Warner currently leads with the Max streaming service, boasting an impressive 95 million subscribers. On the other side, Paramount holds its ground with the Paramount+ streaming service, commanding 63 million subscribers. However, both are overshadowed by streaming giants like Netflix, with 247 million subscribers, and Disney+, with 105 million.
The backdrop of this potential merger is the ongoing shift from cable TV to streaming platforms, impacting the financial health of both Warner and Paramount. The streaming industry, already grappling with fierce competition, now faces economic challenges amid sluggish subscription growth.
Industry Insight
Media and entertainment technology analyst Paul Erickson highlights the significance of this potential mega-merger as an industry bellwether. The consideration of such a move indicates the growing need for collaborations, mergers, and acquisitions to navigate the current market pressures.
Faced with substantial financial losses, streaming services are adopting stringent cost-cutting measures. These include reduced spending on new content, crackdowns on password sharing, and an increased reliance on advertisements.
In the event of a successful merger, Paramount+ is anticipated to integrate into Max, marking a significant shift in the streaming landscape. Elizabeth Parks, President of Parks Associates, predicts a wave of consolidation in 2024 as a strategic move for subscriber and revenue growth.
Parks Associates research reveals that the average consumer subscribes to 5.6 services, with a high annual churn rate of 47% for streaming services. Eric Sorensen, Director of Streaming Video Research Product at Parks Associates, attributes this to consumer overwhelm with choices, indicating an inevitable industry consolidation.

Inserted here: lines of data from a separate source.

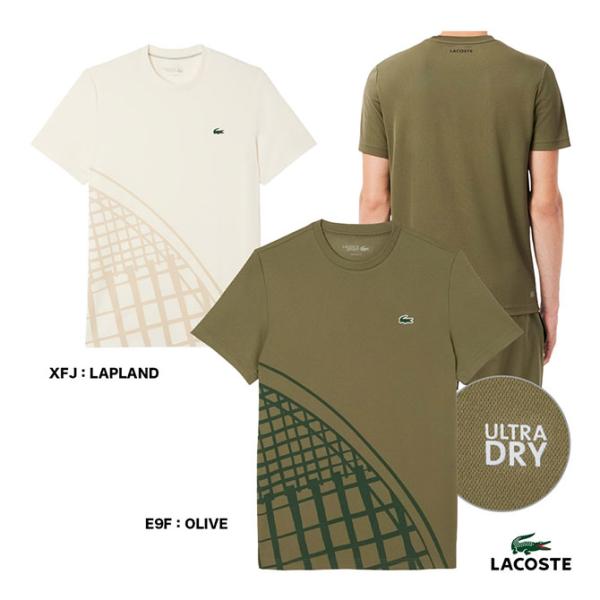 LACOSTE（ラコステ） テニスウェア メンズ Tシャツ TH4753 : テニス
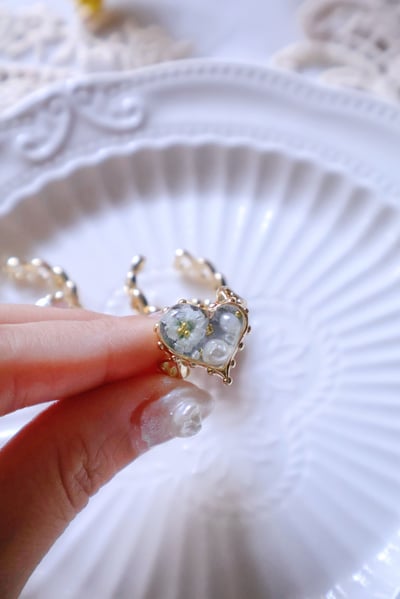 ❁花綻之心戒❁5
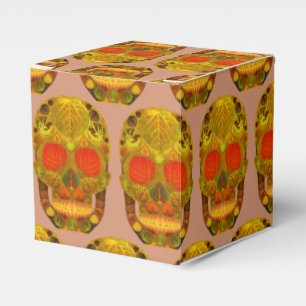 Aspen Leaf Skull 12 Favor Box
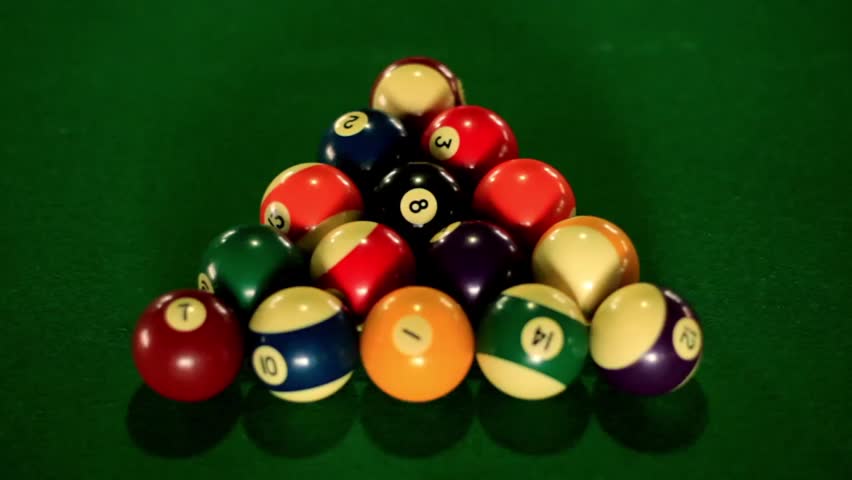 8 balls pool game, each ball is played by the rank.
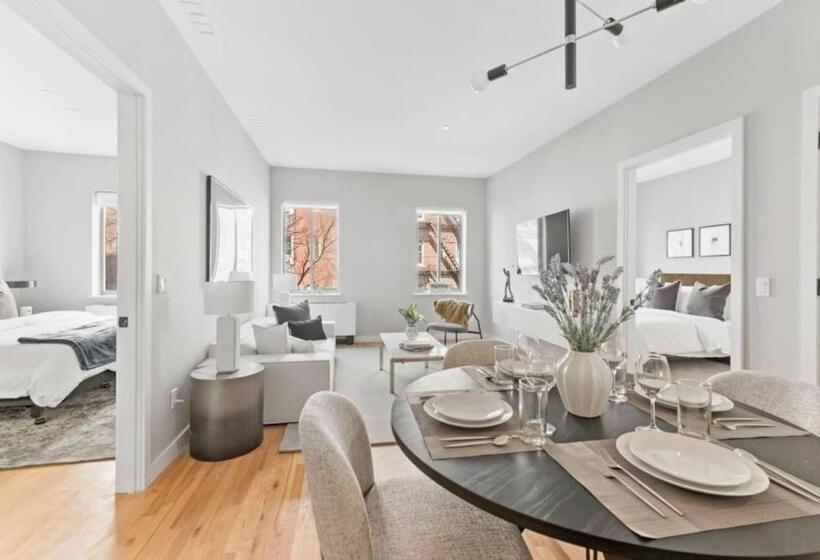 酒店 Top Notch 2br In Upper East Mins To Central Park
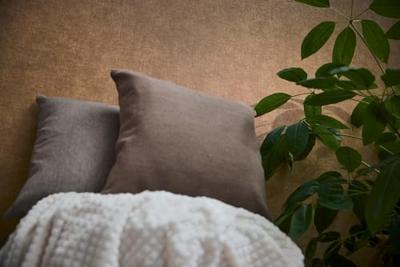 Livingwalls Smart Surfaces - Bruin - Structuur - 395668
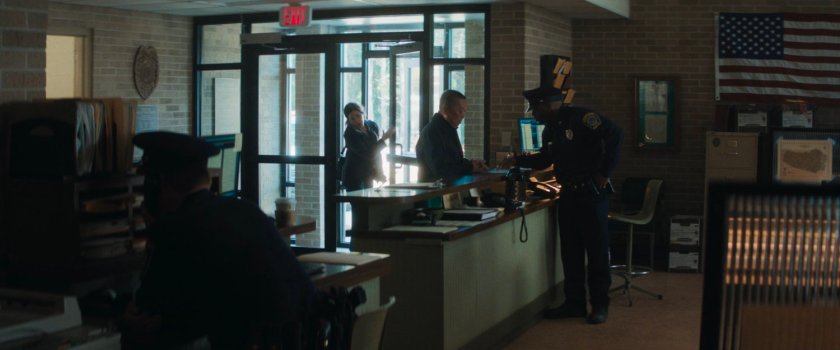 Agnes entering Westview police department.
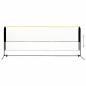 Preview: Badmintonnetz Verstellbar 400x103x94-158 cm Metall
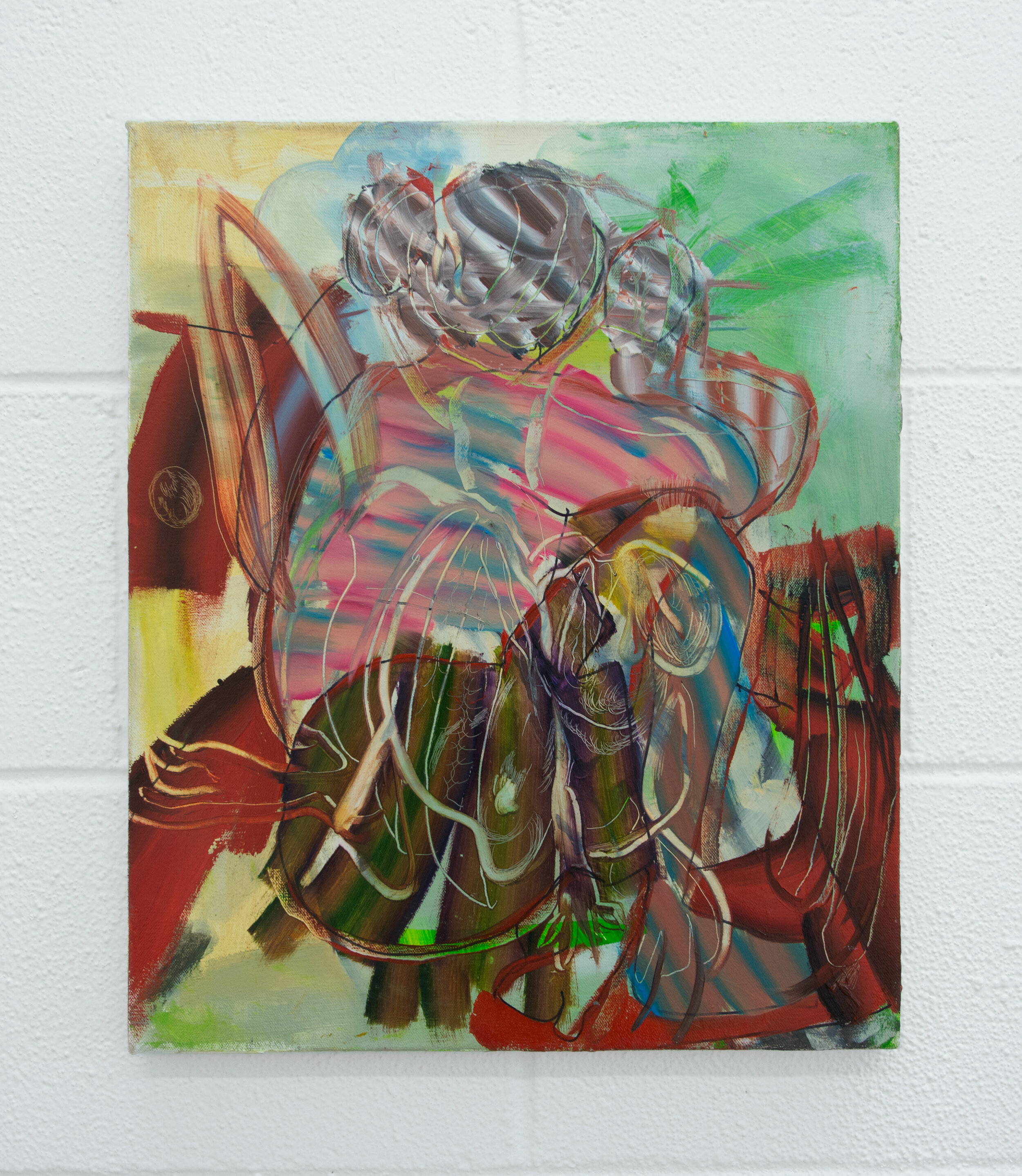  Lauren Quin,  Swarm's Witness,  Oil on canvas 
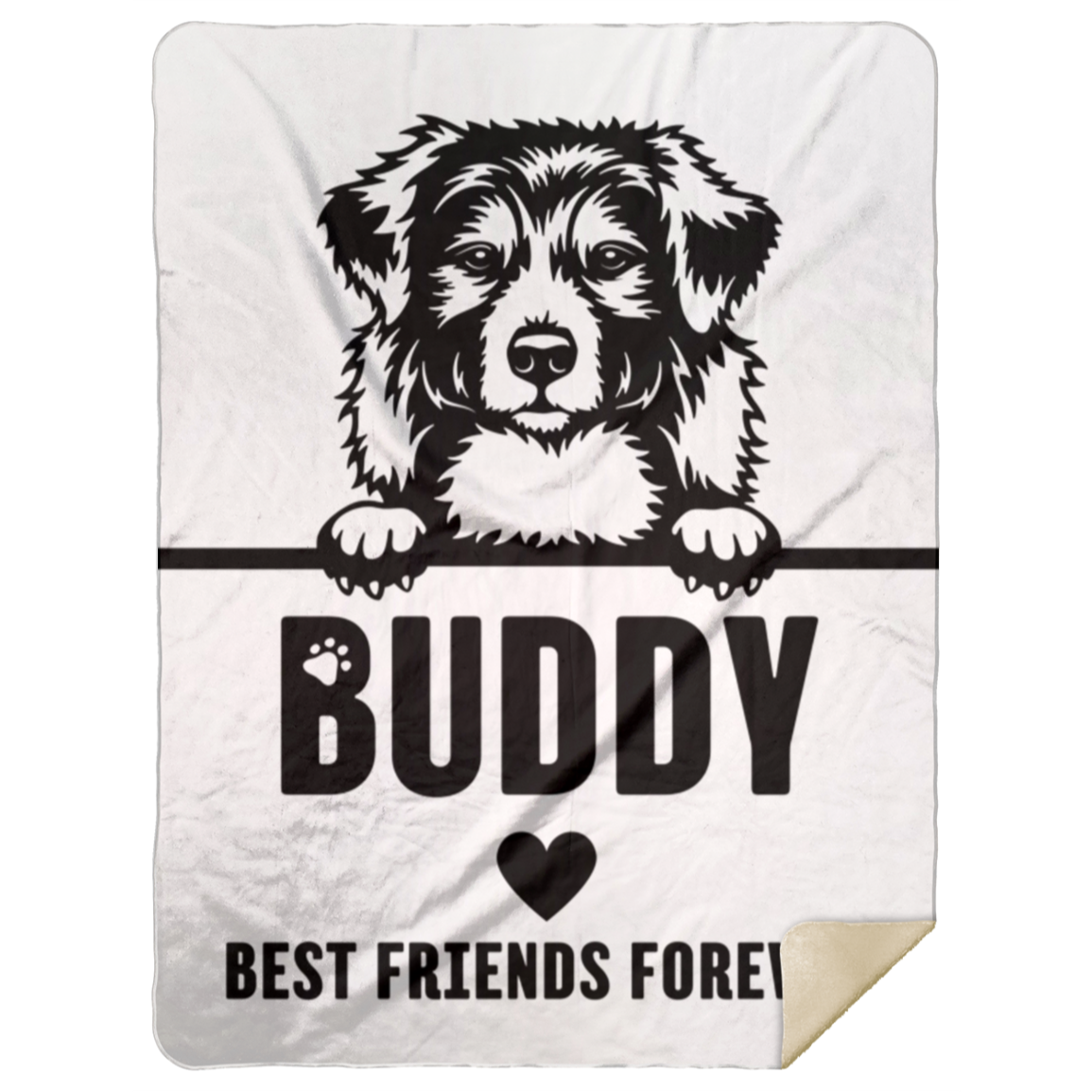 50% OFF SALE - PERSONALIZED DOGS - COZY FLEECE/PREMIUM SHERPA BLANKET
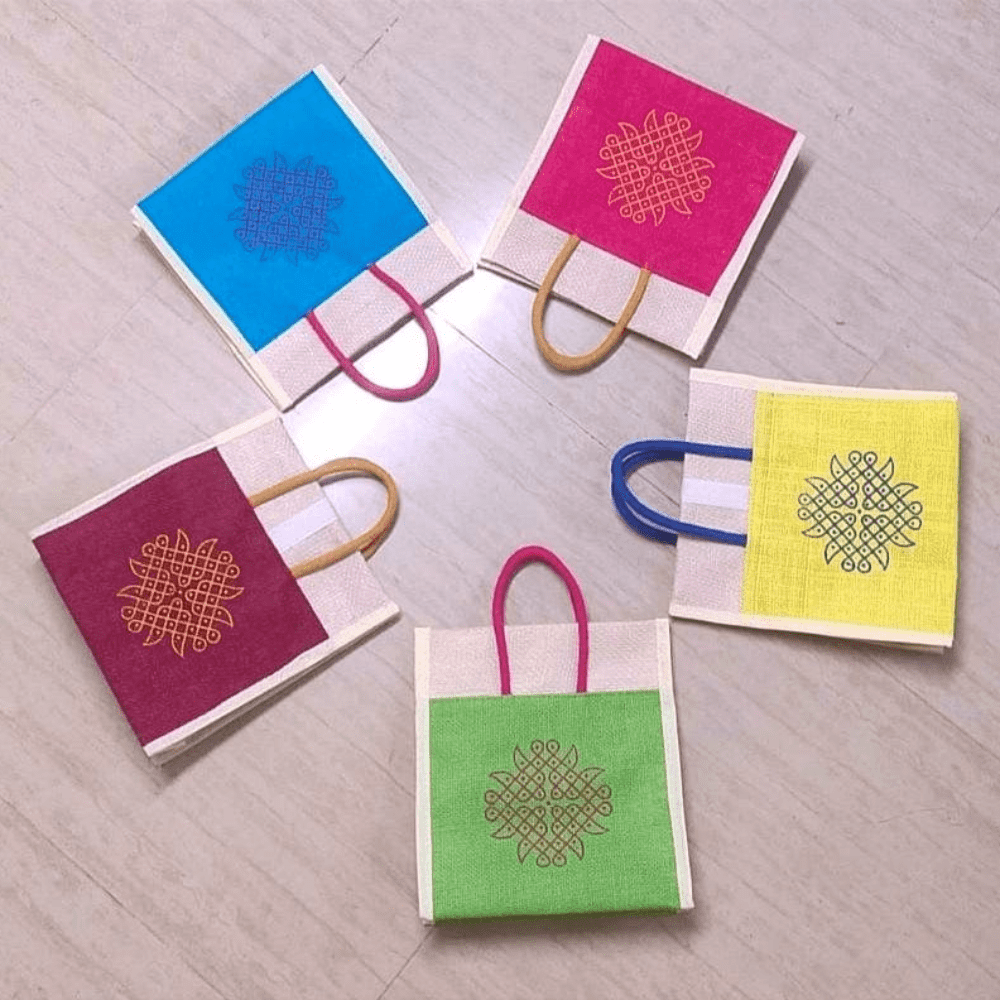 Jute Wedding Return Gift Bags - Image 4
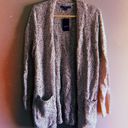 Apt. 9 Heather Gray Knit Long Cardigan Photo 0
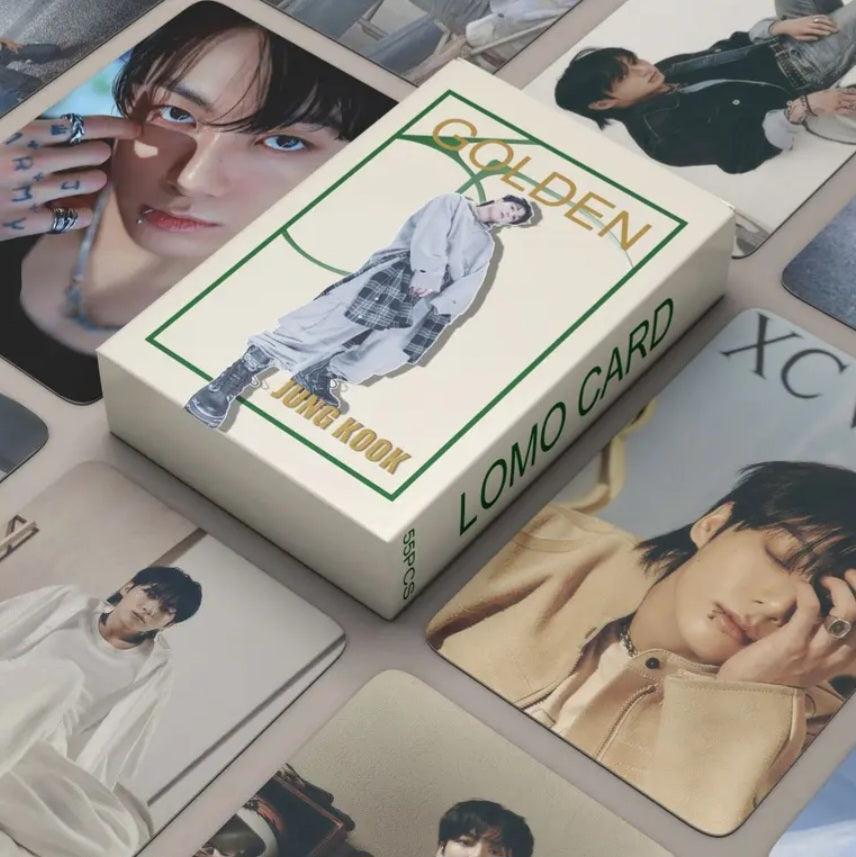 CARTES PHOTO JUNGKOOK GOLDEN
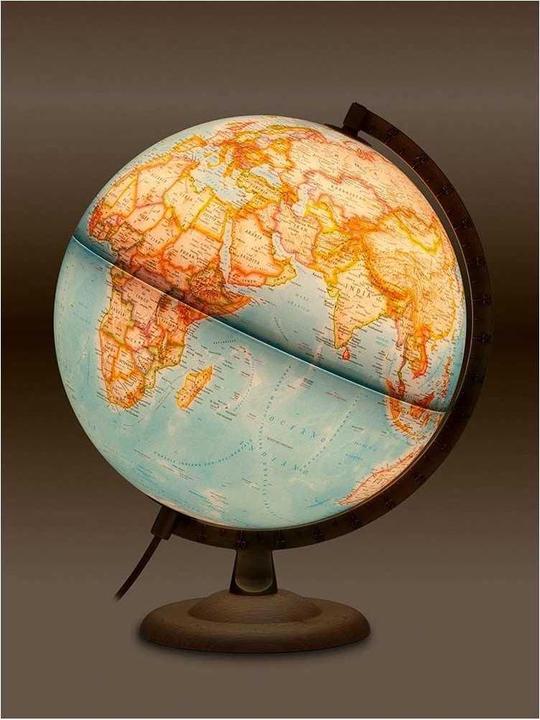 Actual product image Atmosphere Globe 30cm NG Gold Classic Blue GB Illuminated (NGGOLDCLA) (30 cm)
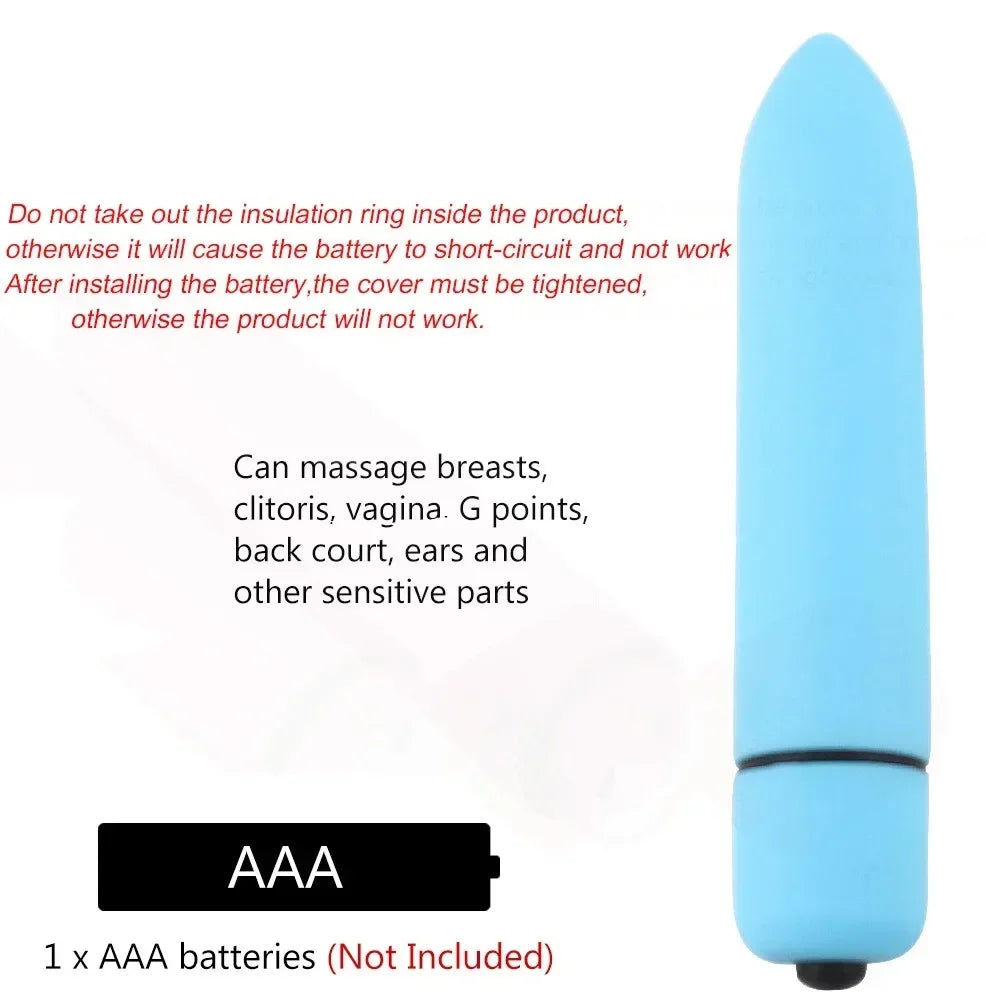 10 Speed Mini Bullet Vibrator for Women Waterproof Clitoris Stimulator Dildo Vibrators Vagina Sex Toys for Woman Sex Products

Despite the absence of formal talks between the companies, Pivotal Research analyst Jeff Wlodarczak remains skeptical about the merger's likelihood. He suggests a potential tie-up with Comcast's NBCUniversal. However, he underscores the inevitability of consolidation, given the substantial losses faced by streaming services other than Netflix.
Consumer Impact
As the streaming industry navigates these potential shifts, consumers are left to wonder how these changes will shape the future of their streaming experiences.